Case Name: FEDDERS CORP., Petitioner, v. FEDERAL TRADE COMMISSION, Respondent
Court: United States Court of Appeals for the Second Circuit
Jurisdiction: United States
Decision Date: 1976-01-21
Citations: 529 F.2d 1398
Docket Number: No. 104, Docket 75-4051
Parties: FEDDERS CORP., Petitioner, v. FEDERAL TRADE COMMISSION, Respondent.
Judges: Before MULLIGAN, OAKES and MESKILL, Circuit Judges.
Reporter: Federal Reporter 2d Series
Volume: 529
Pages: 1398–1404

Head Matter:
FEDDERS CORP., Petitioner, v. FEDERAL TRADE COMMISSION, Respondent.
No. 104, Docket 75-4051.
United States Court of Appeals, Second Circuit.
Argued Oct. 31, 1975.
Decided Jan. 21, 1976.
Sydney B. Wertheimer, New York City (Jeffrey H. Schneider, Weisman, Celler, Spett, Modlin & Wertheimer, New York City, of counsel), for petitioner.
Denis E. Hynes, Atty., Federal Trade Commission (Robert J. Lewis, Gen. Counsel, Gerald Harwood, Asst. Gen. Counsel, Federal Trade Commission, of counsel), for respondent.

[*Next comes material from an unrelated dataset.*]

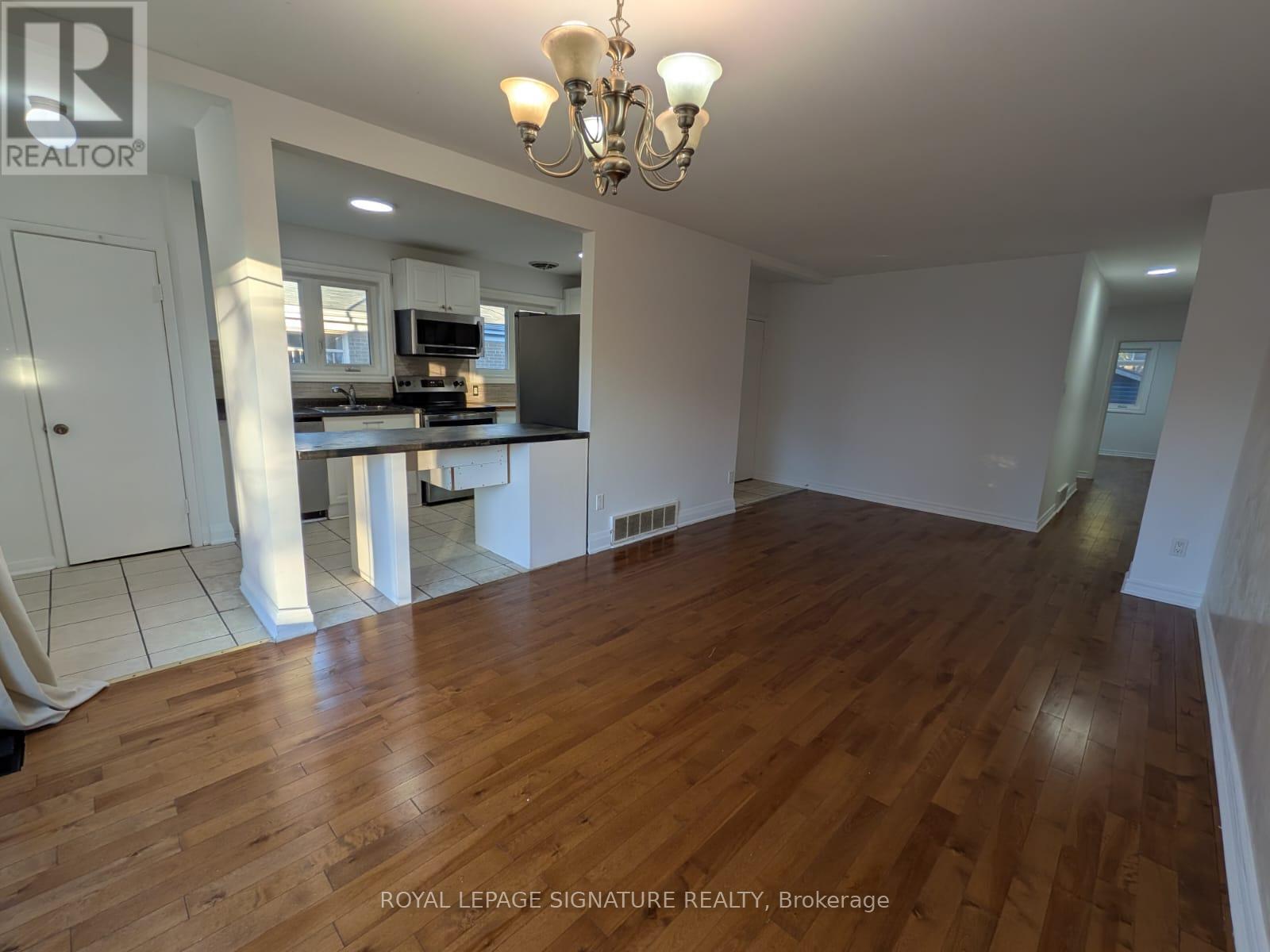 26 TRINNELL BOULEVARD, Toronto (Clairlea-Birchmount) — photo 3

Before MULLIGAN, OAKES and MESKILL, Circuit Judges.

Opinion:
OAKES, Circuit Judge:
Petitioner seeks review of a final order entered against it by the Federal Trade Commission. The order stems from an investigation and determination by the Commission that petitioner has made serious misrepresentations in the advertising claims it has used to promote sales of its air conditioning equipment. Specifically, the Commission found that Fedders has claimed in its advertising that its air conditioners are unique, because they have "reserve cooling power," a term which the parties agree was intended to imply an unusual ability to produce cold air under extreme conditions of heat and humidity. In fact, however, the Fedders conditioners had no objective technical advantage over the equipment manufactured by its competitors. Accordingly, the Commission concluded that petitioner was engaging in misrepresentations in its advertising in violation of Section 5(a) of the Federal Trade Commission Act, 15 U.S.C. § 45(a). A cease and desist order was entered by the Commission which prohibits Fedders from:
1. Representing, directly or by implication, that any air conditioner, on the basis of a comparison thereof with the air conditioners of other manufacturers then being marketed in the United States in commercial quantities, is unique in any material respect, unless such is the fact;
2. Making, directly or indirectly, any statement or representation in any advertising or sales promotional material as to the air cooling, dehumidification, or circulation characteristics, ca pacity or capabilities of any air conditioner, unless at the time of such representation respondent has a reasonable basis for such statement or representation, which shall consist of competent scientific, engineering or other similar objective material or industry-wide standards based on such material.
Review is sought here under 15 U.S.C. § 45(c).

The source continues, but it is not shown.